Doppelblind-Studie: Hörgeräteanpassung via Real-Ear-Messung

Doppelblind-Studie: Hörgeräteanpassung via Real-Ear-Messung

Ein amerikanisches Forscherteam um Michael Valente, PhD, an der Washington University in St. Louis untersuchte in einer Doppelblindstudie1 ob es signifikante Unterschiede in der Spracherkennung zwischen einer Hörgeräte-Anpassung mit First Fit und Real-Ear-Messung (REM) gibt. Die Studie, die im September 2018 in der Fachzeitschrift der American Academy of Audiology (JAAA) veröffentlicht wurde zeigte, dass sich mit REM eine durchschnittlich 15% bessere Worterkennung (gemessen bei 50dB SPL) erzielen lässt. Zudem bevorzugten 79% aller Studienteilnehmer die nach REM angepassten Hörsysteme im Vergleich zu denen der Erstanpassung nach First Fit.

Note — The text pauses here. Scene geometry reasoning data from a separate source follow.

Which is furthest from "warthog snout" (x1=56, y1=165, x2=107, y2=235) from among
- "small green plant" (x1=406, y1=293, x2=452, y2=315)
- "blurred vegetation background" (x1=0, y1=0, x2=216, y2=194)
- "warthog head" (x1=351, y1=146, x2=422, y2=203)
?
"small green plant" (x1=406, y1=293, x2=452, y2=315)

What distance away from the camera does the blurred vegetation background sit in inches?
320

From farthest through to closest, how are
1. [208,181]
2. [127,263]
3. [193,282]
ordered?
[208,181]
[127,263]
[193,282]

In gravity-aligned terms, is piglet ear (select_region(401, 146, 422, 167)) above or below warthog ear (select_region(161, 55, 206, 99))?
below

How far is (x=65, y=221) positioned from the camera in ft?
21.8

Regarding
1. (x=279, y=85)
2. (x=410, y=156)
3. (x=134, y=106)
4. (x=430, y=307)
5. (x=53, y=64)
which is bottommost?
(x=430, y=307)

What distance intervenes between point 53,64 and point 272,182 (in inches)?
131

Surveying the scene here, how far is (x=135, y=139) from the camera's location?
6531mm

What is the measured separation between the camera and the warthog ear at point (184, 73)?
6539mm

Nach Schätzungen der American Academy of Audiology (AAA) und der American Speech Language Hearing Association (ASHA) werden nur 20 bis 30 Prozent der professionellen Hörsysteme unter Einbezug der tatsächlichen Ohrverstärkung (REM) angepasst. Vielmehr wird sich bei der Anpassung auf die werkseitige Standardeinstellung des First Fit verlassen, obgleich vielzählige Studien2 bereits signifikante Differenzen, gerade im Hochtonbereich, zwischen beiden Anpassverfahren festgestellt haben. In Deutschland dürften diese Zahlen wohl ähnlich liegen.

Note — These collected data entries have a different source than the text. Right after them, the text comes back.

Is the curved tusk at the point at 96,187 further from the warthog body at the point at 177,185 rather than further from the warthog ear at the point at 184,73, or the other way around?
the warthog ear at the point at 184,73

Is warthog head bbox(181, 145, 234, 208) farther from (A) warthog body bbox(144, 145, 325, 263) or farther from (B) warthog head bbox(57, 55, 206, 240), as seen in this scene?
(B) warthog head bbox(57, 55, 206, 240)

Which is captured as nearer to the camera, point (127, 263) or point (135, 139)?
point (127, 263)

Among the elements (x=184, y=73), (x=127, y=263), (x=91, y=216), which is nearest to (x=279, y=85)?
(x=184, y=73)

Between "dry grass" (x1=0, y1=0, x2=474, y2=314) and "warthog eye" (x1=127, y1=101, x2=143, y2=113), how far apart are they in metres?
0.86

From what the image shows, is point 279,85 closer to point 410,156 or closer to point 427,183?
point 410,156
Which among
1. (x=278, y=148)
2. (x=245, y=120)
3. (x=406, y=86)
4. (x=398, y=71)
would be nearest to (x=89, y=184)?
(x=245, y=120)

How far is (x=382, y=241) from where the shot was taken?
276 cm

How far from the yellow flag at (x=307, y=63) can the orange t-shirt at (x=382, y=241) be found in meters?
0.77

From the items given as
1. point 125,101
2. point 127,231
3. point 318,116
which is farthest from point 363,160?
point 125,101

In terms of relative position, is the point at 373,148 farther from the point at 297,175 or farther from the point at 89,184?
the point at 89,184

Vier von fünf Patienten bevorzugen nach REM angepasste Hörsysteme

Unity3: eine der möglichen Messmodule mit IMC2-Schnittstelle 
© Signia

Valente und seine Kollegen untersuchten insgesamt 24 Erwachsende mit leichter bis mittelschwerer Innenohrschwerhörigkeit, die bisher noch keine Erfahrungen mit Hörsystemen hatten. Dabei verwendeten sie Premium-Hörgeräte einer Marke mit 16 Kanälen. Beide Fitting-Methoden wurden dabei per Zufallsprinzip und in einem ausgeglichenen Verhältnis angewandt.

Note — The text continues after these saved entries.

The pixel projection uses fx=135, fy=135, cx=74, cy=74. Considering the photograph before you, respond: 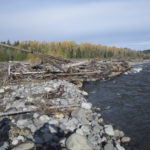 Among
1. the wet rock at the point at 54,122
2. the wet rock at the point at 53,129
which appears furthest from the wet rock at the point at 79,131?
the wet rock at the point at 54,122

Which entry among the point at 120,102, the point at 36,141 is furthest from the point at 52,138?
the point at 120,102

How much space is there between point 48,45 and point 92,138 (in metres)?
122

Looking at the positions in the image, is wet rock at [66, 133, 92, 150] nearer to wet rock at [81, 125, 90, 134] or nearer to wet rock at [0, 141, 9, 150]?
wet rock at [81, 125, 90, 134]

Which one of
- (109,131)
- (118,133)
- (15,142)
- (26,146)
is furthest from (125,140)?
(15,142)

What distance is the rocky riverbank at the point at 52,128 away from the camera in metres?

Anschließend untersuchte ein zweiter Prüfer, ohne zu wissen welche Anpass-methodik angewandt wurde, das Sprachverstehen in Ruhe und in Störgeräuschen und bewertete die subjektiven Ergebnisse (APHAB und SSQ). Zur Bestimmung der tatsächlichen Verstärkungsausgabe/ Gewinn kam ebenfalls REM zum Einsatz, jedoch nicht als Werkzeug zur Programmierung des Hörsystems. Alle Teilnehmer gewöhnten sich dann für vier Wochen an die jeweilige Einstellung bevor die zweite Messung zur Leistungsbewertung erfolgte.

Die Ergebnisse zeigten, dass 79 Prozent aller Probanden die Einstellung nach REM präferieren. Im Durchschnitt lieferte die Anpassung unter Berücksichtigung der Echtohrverstärkung ein um 15 Prozent besseres Sprachverstehen. Basierend auf APHAB konnte auch eine signifikante Verbesserung von Hintergrundgeräuschen um 4,2 Prozent festgestellt werden.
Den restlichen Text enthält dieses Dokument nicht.